SAFFORD — The Graham County Board of Supervisors have taken the first step in development of a respite facility for the homeless in the Gila Valley.
On Monday, the board voted unanimously to use more than $253,000 in Community Development Block Grant funds toward development of a day-time only facility.
“Picnic tables, a small office, storage unit, bathrooms, laundry capabilities; we would be all in support of that next step,” said Vaughn Grant with the Gila Valley Ministerial Association.
Grant said the Gila Valley Ministerial Association, through its nonprofit Samaritan House, can support a facility with either a part-time or full-time director, funded by either renting or selling land it received through a donation for a homeless shelter. The association also has volunteers who can help at the facility.
A facility would be permitted in Safford in a C-2 zone.
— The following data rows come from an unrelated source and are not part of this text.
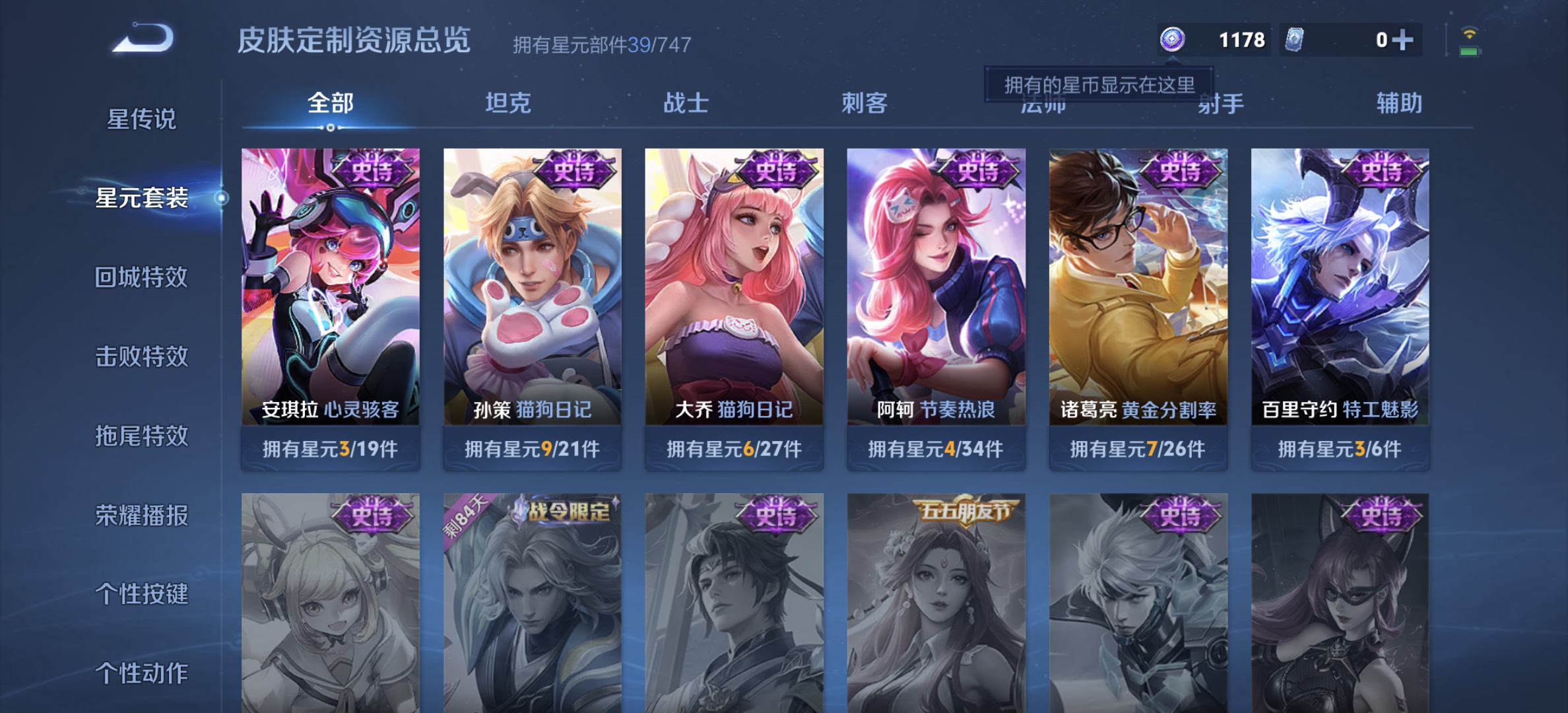 WZDN3191910王者荣耀账号详情图9 WZDN3191910王者荣耀账号详情图9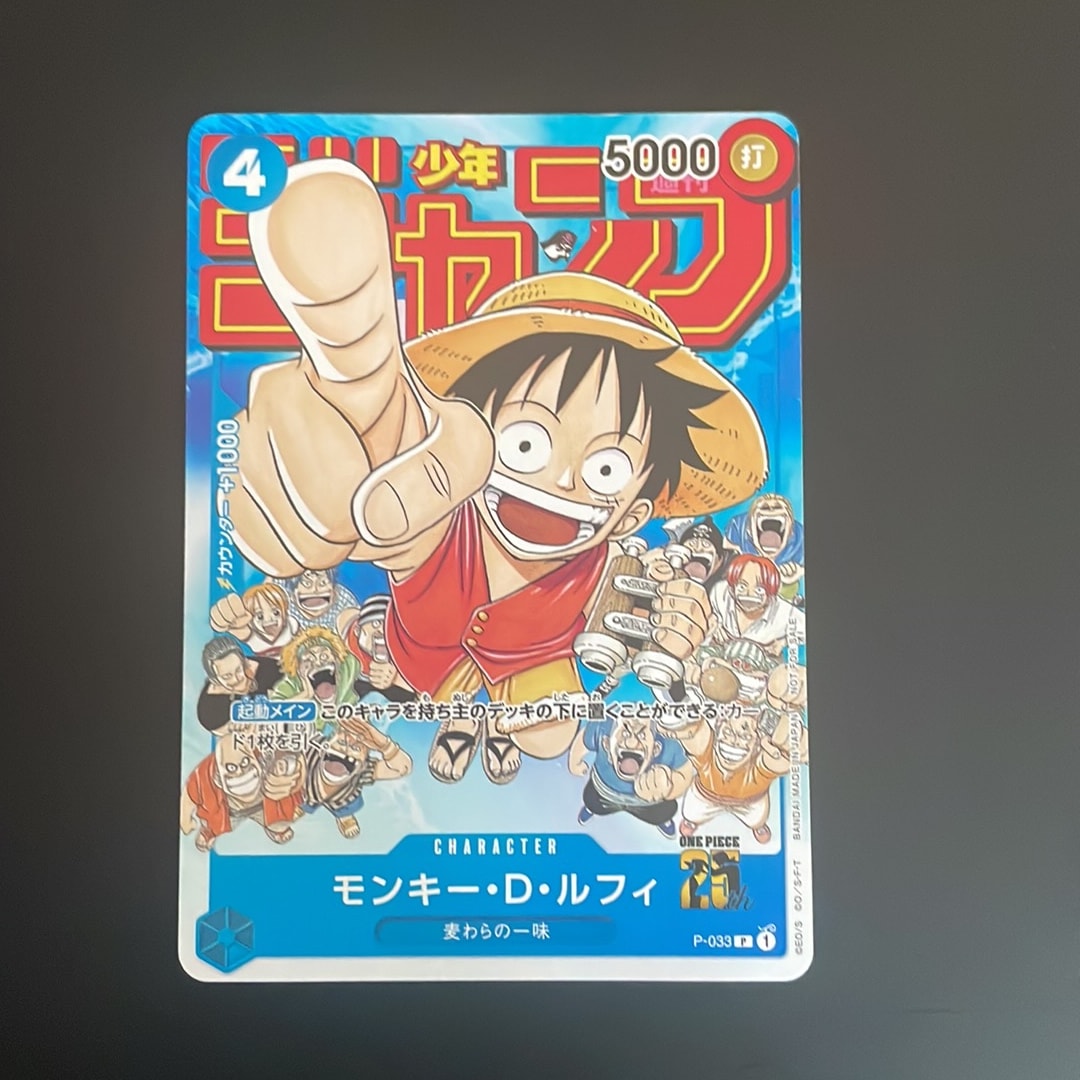 PSA10】モンキー・D・ルフィ [P-033] (週刊少年ジャンプ2023年1月7日号
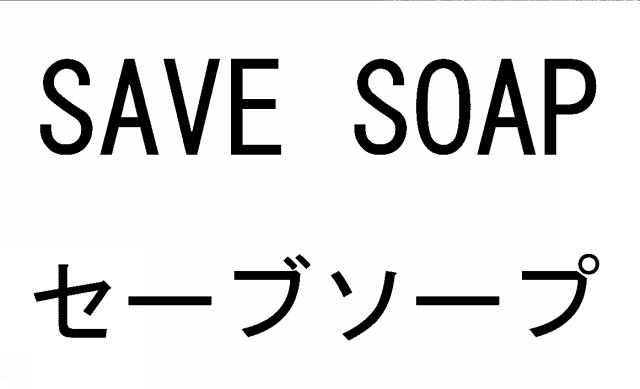 商標登録6159980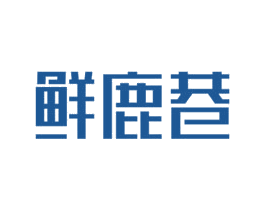 鲜鹿巷 商标图样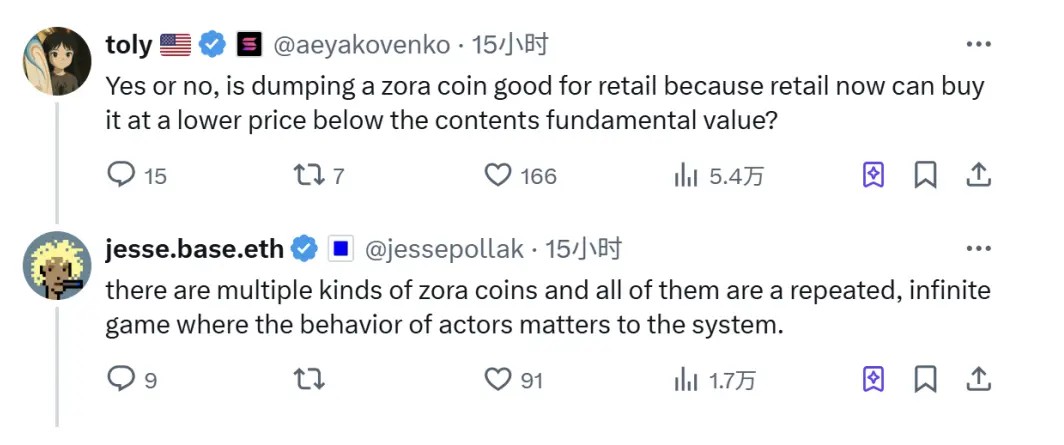 Solana 與 Base 創(chuàng)始人開啟論戰(zhàn)：Zora 上的內(nèi)容有 “基本價(jià)值”嗎？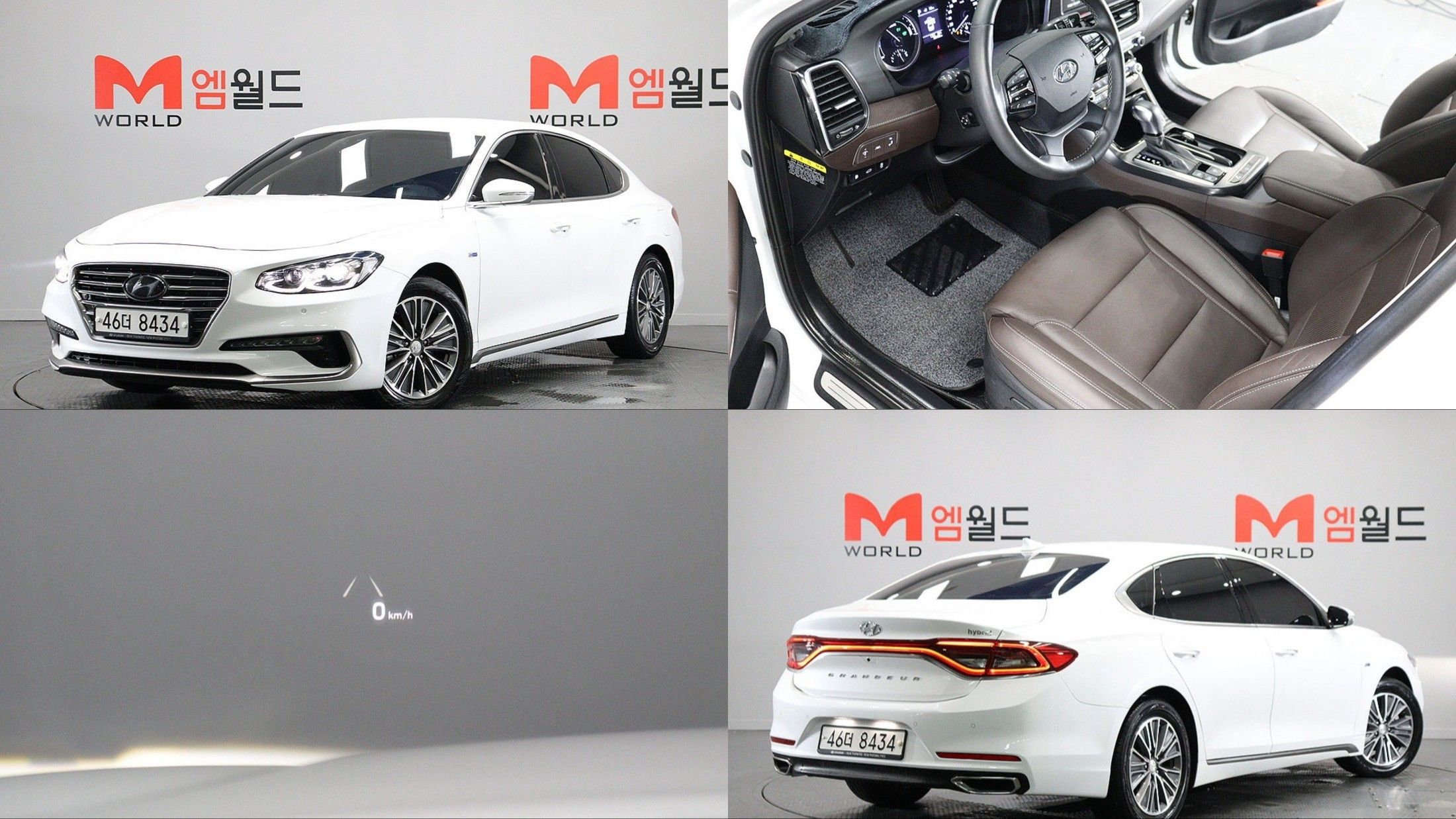 HYUNDAI GRANDEUR IG HYBRID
Estimated building cost is $70 to $100 per square foot for a basic metal shell building with cement flooring, and Grant said there is the strong possibility of the land being donated.
“I was concerned about the ongoing costs and what our involvement would be up unto this point, but if we use the CDBG money for this it might be . . . the easier thing considering that we wouldn’t be operating a respite shelter, and someone else is doing that and not looking for ongoing funding from us,” said Supervisor Danny Smith, R-Dist. 3.
The supervisors chose the respite facility over six other options, including:
● Improvements to playground facilities at the Graham County Fairgrounds
● Improvements to picnic areas in Wet Canyon and Noon Creek
● Chip seal roads
● Right-away acquisition and sidewalk improvements along 1st Avenue in Thatcher
● Linear Park improvements along the Gila River
● Lighting the walking paths
County Manager Dustin Welker suggested using the Community Development Block Grant money for improvements to the park facilities at Graham County Fairgrounds, and use any American Rescue Act funds that come in to the county for the respite facility.
He said that homeless shelters are encouraged expenditures under the American Rescue Act and don’t come with the five-year deadline that CDBG funding has in place.
However, the board voted to use the CDBG funds for the respite facility due to uncertainty on whether the county would receive American Rescue Act funding and at what level.